Reproduce from the records below, with no pictures, exactly the lines between the one containing "Rhino, Deer and" and the one containing "X0000111891055200907301154", inclusive.

> [Available records]:
"""

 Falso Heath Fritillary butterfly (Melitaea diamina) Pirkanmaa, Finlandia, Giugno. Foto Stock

"""
"""

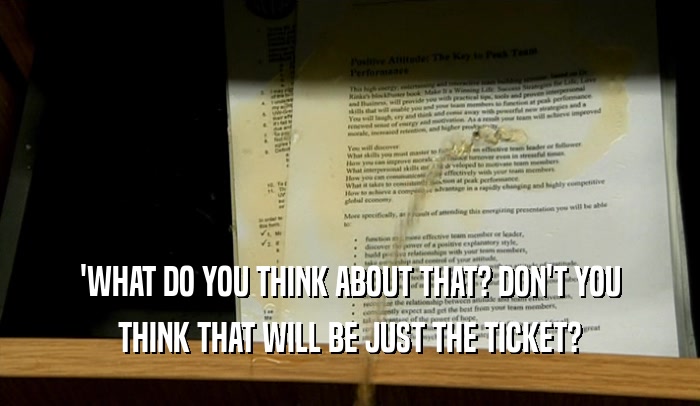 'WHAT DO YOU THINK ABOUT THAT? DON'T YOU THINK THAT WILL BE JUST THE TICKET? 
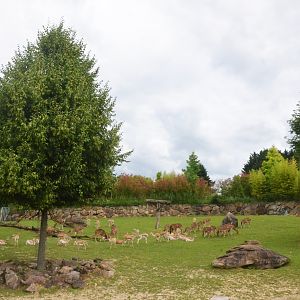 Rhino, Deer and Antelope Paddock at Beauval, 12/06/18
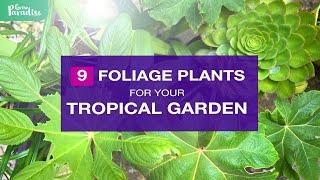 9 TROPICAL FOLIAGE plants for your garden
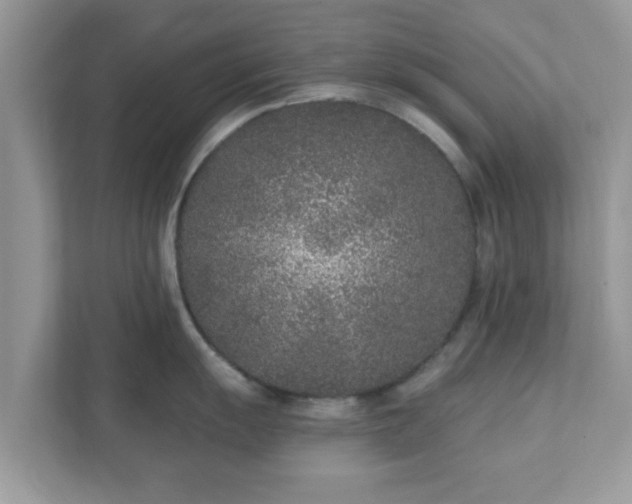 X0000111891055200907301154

"""

> [Worked solution]:
 Rhino, Deer and Antelope Paddock at Beauval, 12/06/18
 9 TROPICAL FOLIAGE plants for your garden
 X0000111891055200907301154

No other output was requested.